**Task description**. Starting at the line that contains "Courbe de l'humidex", transcribe every remaining line of the data below exactly, and omit all pictures.

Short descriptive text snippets

::::

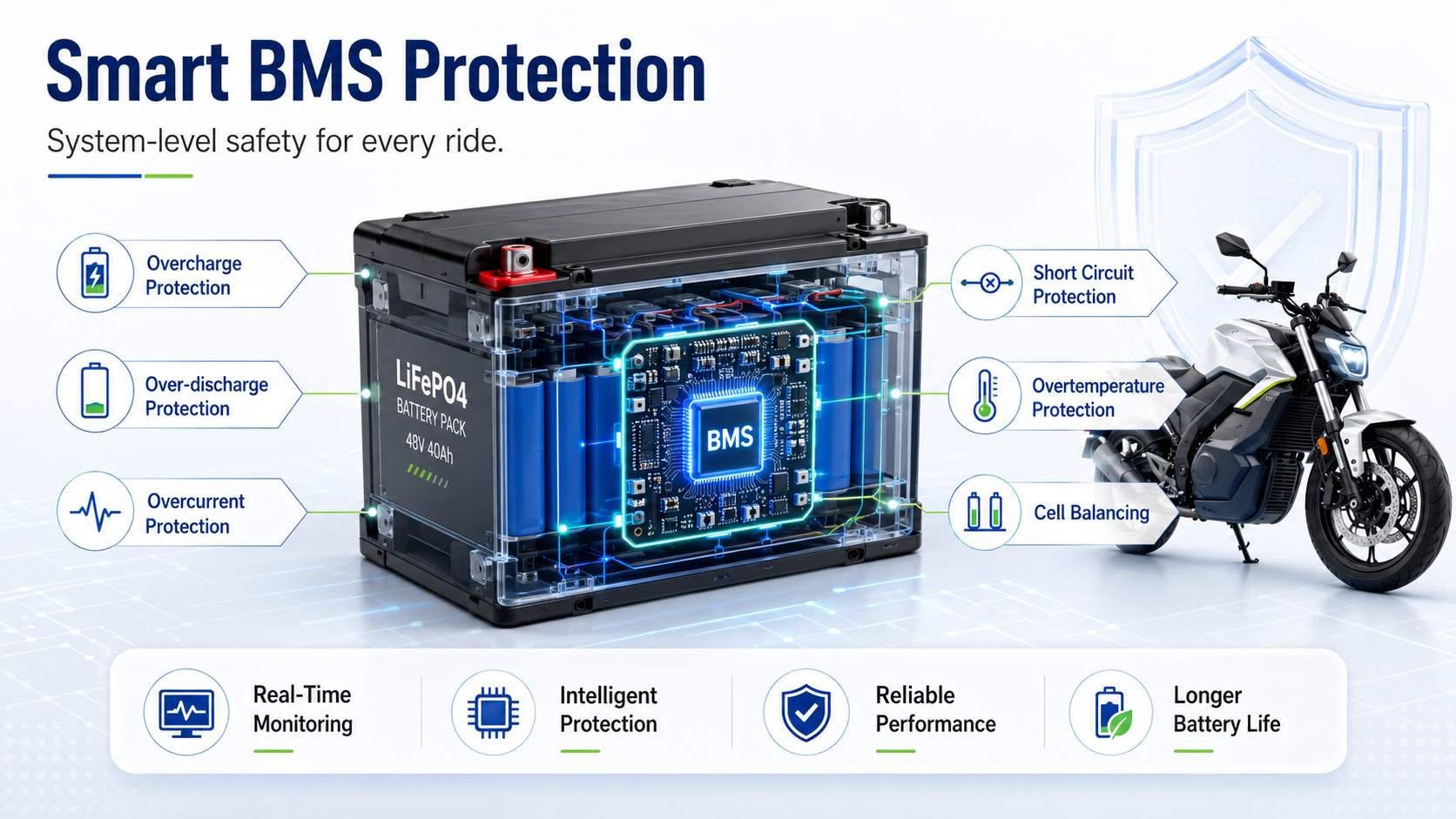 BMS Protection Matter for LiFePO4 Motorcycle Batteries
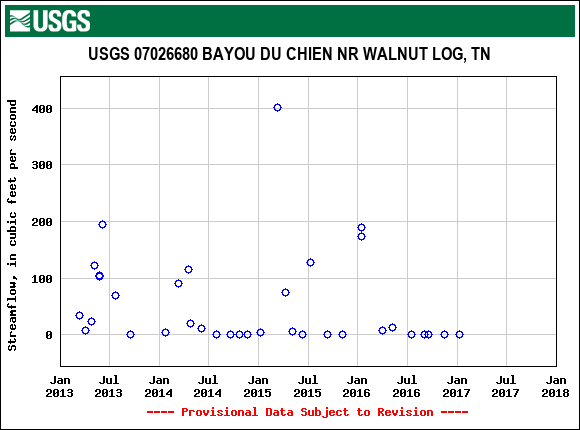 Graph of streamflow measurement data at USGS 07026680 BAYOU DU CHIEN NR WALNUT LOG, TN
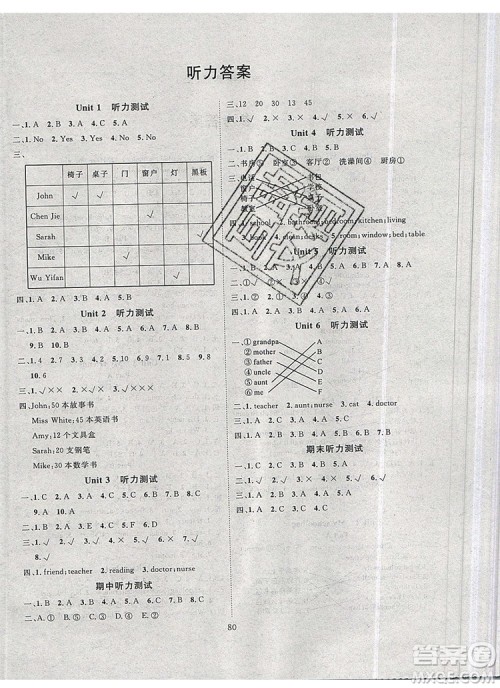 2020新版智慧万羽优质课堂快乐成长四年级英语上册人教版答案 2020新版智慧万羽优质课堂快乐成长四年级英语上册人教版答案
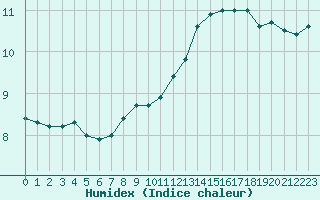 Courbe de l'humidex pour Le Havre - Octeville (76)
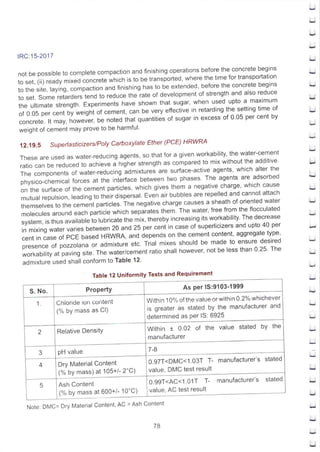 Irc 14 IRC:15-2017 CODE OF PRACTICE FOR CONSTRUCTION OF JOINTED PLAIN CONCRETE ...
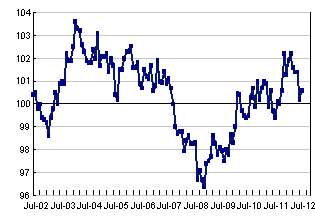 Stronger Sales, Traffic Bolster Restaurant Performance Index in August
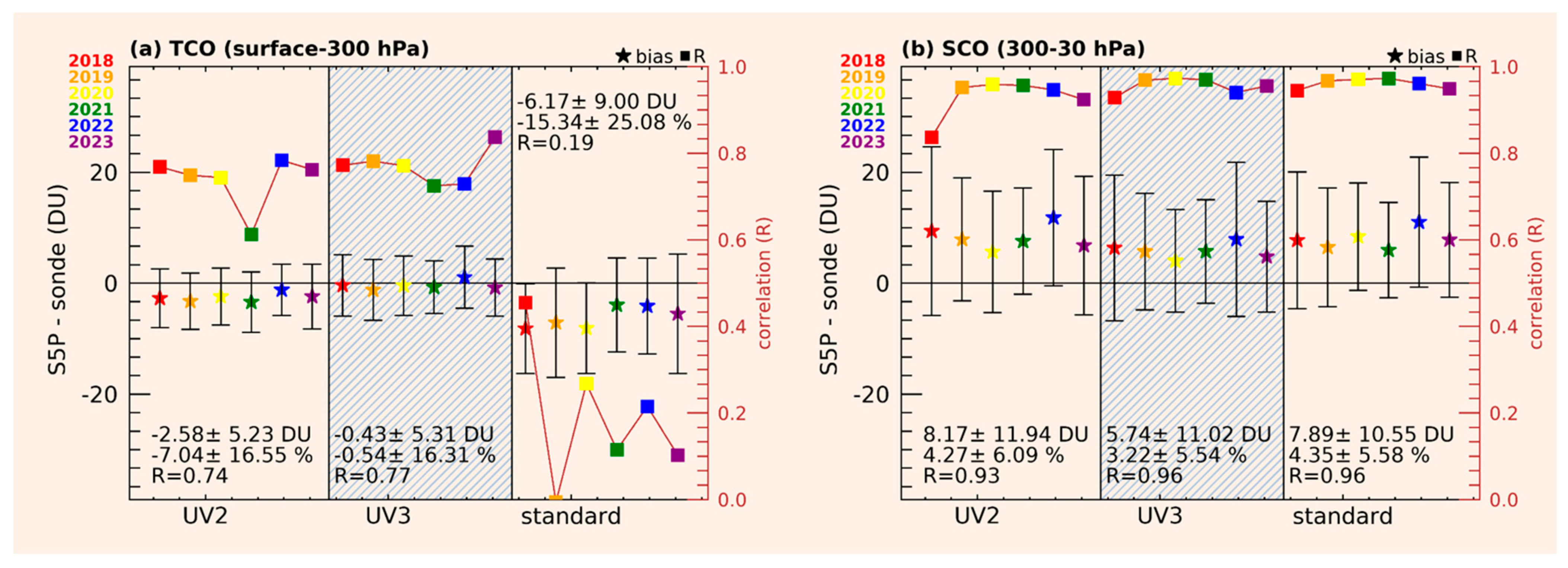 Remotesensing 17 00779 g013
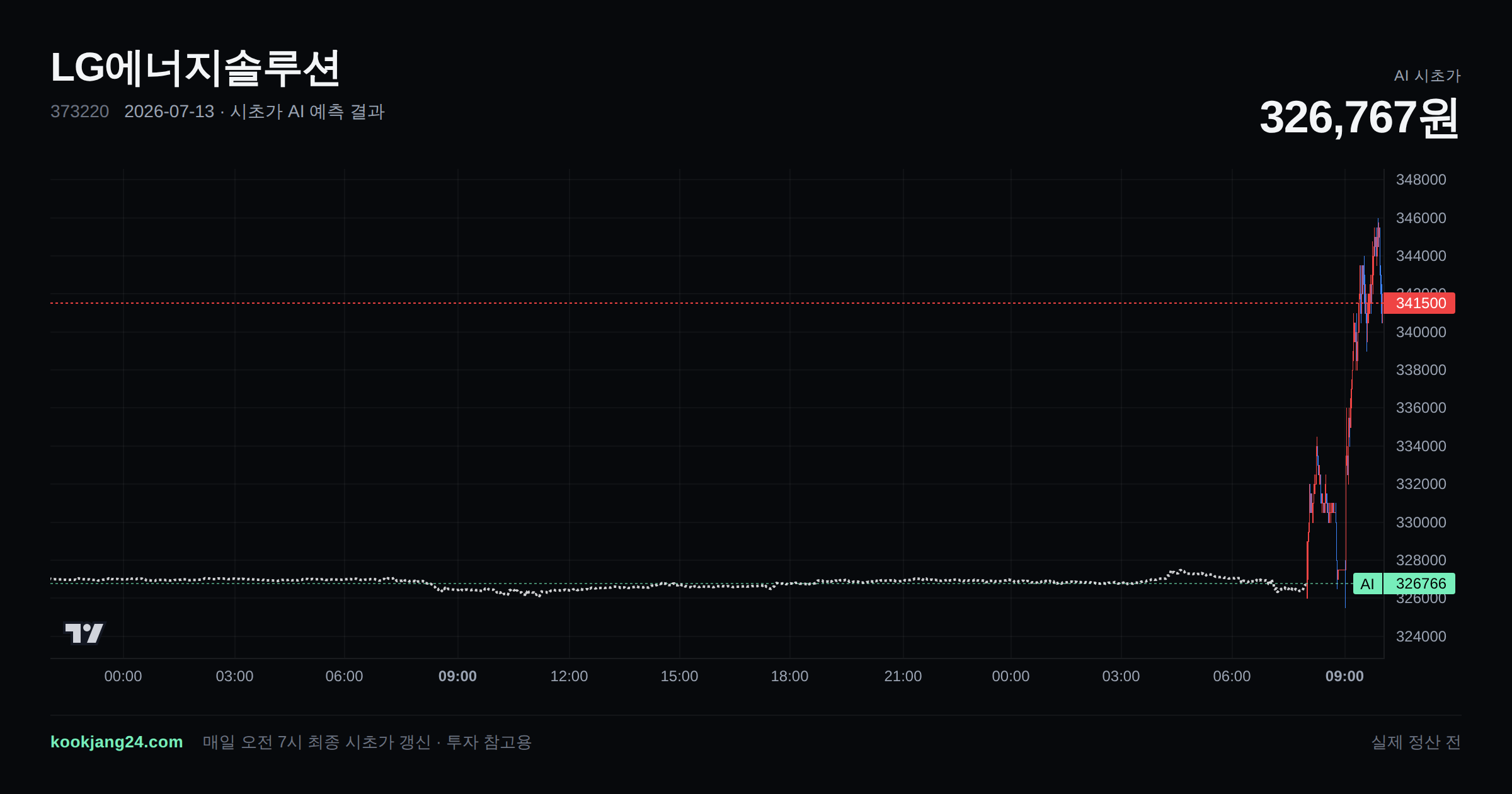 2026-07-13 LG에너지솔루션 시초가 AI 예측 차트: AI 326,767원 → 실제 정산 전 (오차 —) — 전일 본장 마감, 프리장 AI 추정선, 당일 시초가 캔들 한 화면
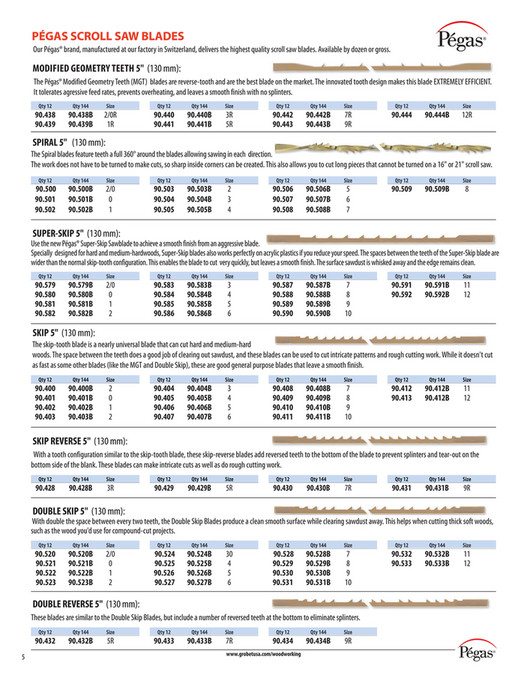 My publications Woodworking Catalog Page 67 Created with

::::

**Completed exercise**.
 Courbe de l'humidex pour Le Havre - Octeville (76)
 Irc 14 IRC:15-2017 CODE OF PRACTICE FOR CONSTRUCTION OF JOINTED PLAIN CONCRETE ...
 Stronger Sales, Traffic Bolster Restaurant Performance Index in August
 Remotesensing 17 00779 g013
 2026-07-13 LG에너지솔루션 시초가 AI 예측 차트: AI 326,767원 → 실제 정산 전 (오차 —) — 전일 본장 마감, 프리장 AI 추정선, 당일 시초가 캔들 한 화면
 My publications Woodworking Catalog Page 67 Created with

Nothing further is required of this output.